By United Nations High Commissioner for Refugees

UNHCR report finds 90 million displaced people face climate hazards

Ninety million displaced people live in countries facing serious climate hazards, and nearly half of all those forced from their homes now face both conflict and climate change at once, a new United Nations High Commissioner for Refugees (UNHCR) report shows. The report, “No Escape: On the frontlines of climate change, conflict and forced displacement,” looks at how climate change, conflict and displacement overlap. Over the past 10 years, the number of forcibly displaced people worldwide has doubled to more than 120 million.

Conflict is still the main reason people flee their homes, but climate change makes things worse. The impacts hit the world’s most vulnerable people hardest—refugees, those displaced by conflict, and the communities hosting them. These populations often lack stable housing, money, government support, or access to basic services. Now they also face floods, droughts, and heat waves they can’t prepare for or recover from. Countries dealing with both crises include Sudan, Syria, Haiti, the Democratic Republic of the Congo, Lebanon, Myanmar, Ethiopia, Yemen, and Somalia.

Climate change is also pushing more people to leave their homes. Weather-related disasters have caused 220 million internal displacements over the past decade—that’s about 60,000 people every day. In 2023, more than a quarter of these happened in places already torn by conflict. Some people move temporarily, others for years. Most try to stay near their communities, hoping to return home when they can.

The risks ahead are growing. By 2040, the number of countries facing extreme climate hazards is expected to jump from three to 65. Most of these countries host displaced populations. Heat will get worse too—most refugee camps and settlements will see twice as many dangerously hot days by 2050. When climate shocks hit both the places people fled and where they’ve ended up, there’s nowhere left to go.
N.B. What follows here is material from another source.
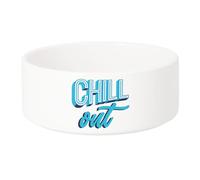 Gamelle Chien - Chat Céramique Chill Out Typographie Retro 90's Message Texte - 17.5cm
Climate change makes it harder for displaced people to find lasting solutions. It raises the chance they’ll be stuck in limbo, forced to move again, or pushed onward to new places. By the end of 2023, more than 70 percent of refugees and asylum-seekers came from countries that are highly vulnerable to climate change but least prepared to build resilience. This makes returning home much harder. The report points out that displaced populations and their host communities often go unnoticed, their voices left out of the conversation.